By Ryan Fitzgerald and Seán McGlone – Co-Editor-in-Chief, News Editor
In an email sent out on February 19, President Michael Alexander posed a question to the Lasell community – Should Lasell become a smoke-free campus? The referendum up in question would prohibit tobacco smoking on all Lasell property, including Lasell Village, with the exception of areas owned by the City of Newton.
A Town Meeting will be held in de Witt Hall on March 31 where members of the community can voice their opinions. The referendum will cultivate in an online voting process on April 19 where members of the community can cast votes online. While the vote will play a key part in the decision, ultimately the final decision will be made by the three supporting organizations in conjunction with the vote as well as the events and discussions leading up to it.

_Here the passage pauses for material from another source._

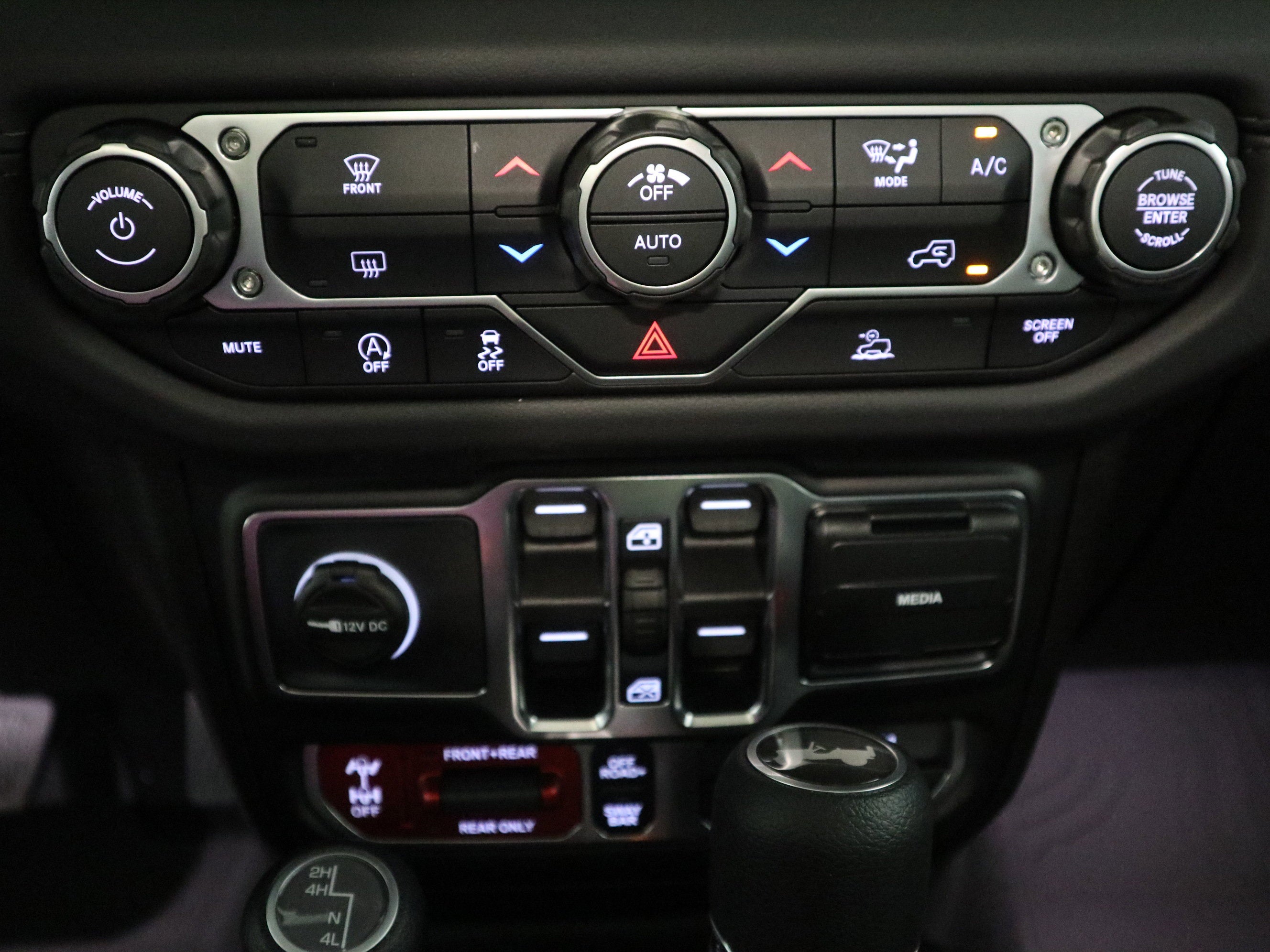 2026 Jeep Wrangler Rubicon 4x4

The decision to make this ballot is sponsored by the Student Government Association (SGA), the Faculty Assembly, and the Management Council. SGA has tried to create this discussion for a few years and SGA, along with Alexander, have decided a referendum is the best way for people to voice their opinions and come to a result. Currently, smoking is not allowed anywhere less than 25 feet away from Lasell buildings.
If the decision to make Lasell a smoke-free campus goes through, it would eliminate smoking on Lasell property entirely. The topic brings up a few issues. One being that, if smoking is banned, there will be more traffic on roads like Maple Street and Woodland Road, which are both property of the city of Newton.
This is a major issue for Assistant Director of Government and Community Relations Lindsey Beauregard. “If Lasell becomes smoke-free these public walkways would be the most convenient place for smokers to go. Thus, people walking on these sidewalks will be exposed to higher levels of secondhand smoke and cigarette litter,” Beauregard said in a statement sent to “1851 Chronicle.”
President Alexander is in favor of making Lasell a tobacco-free campus, but feels it is important for him to not be part of the decision. “Most of [the colleges] that have become smoke-free campuses have reported that it has been a good thing,” said Alexander, on re- search done by SGA. “Some of the things that we worry about have not occurred or have not been big problems [with other schools.]”
According to Alexander, 15 percent or less of the students at Lasell [uses tobacco], so they are the minority in this situation. One of the issues Alexander worries over is whether it is oppressive for the majority to decide what the minority can and cannot do. “That’s a tough moral question,” said Alexander.
A second topic Alexander considers is international students. “We know that a higher percentage of international students smoke [tobacco] than students from the United States,” said Alexander. “They come from a different culture and a different background, so is it right for us to tell people who have been raised a different way that they can’t bring their way of doing things here?” If Lasell became a tobacco free campus, the question becomes, will international students not come to Lasell or will they leave? “The experience on other campuses though appears to be no that it has not caused a reduction in international students, but still it’s a concern,” said Alexander.
Forcing frequent tobacco smokers to take their habit off-campus could potentially cause a problem inside residential buildings. “Would [the ban] drive smoking indoors, into the dormitories like drinking is already,” said Alexander. “That would be horrible because that increases the risks of a fire.” Other colleges that banned tobacco smoking have shown most students tend to self-police each other and this has not become a problem, according to Lasell’s President.
“I’m not totally opposed to it, I mean I think it’s a good idea. As a smoker right now, it is kind of annoying, but it is better for the environment, better for people,” said senior Kelly O’Dell. “If they have designated smoking areas, but other than that I don’t see a problem among smoking on campus.” said senior Quentin Anderson.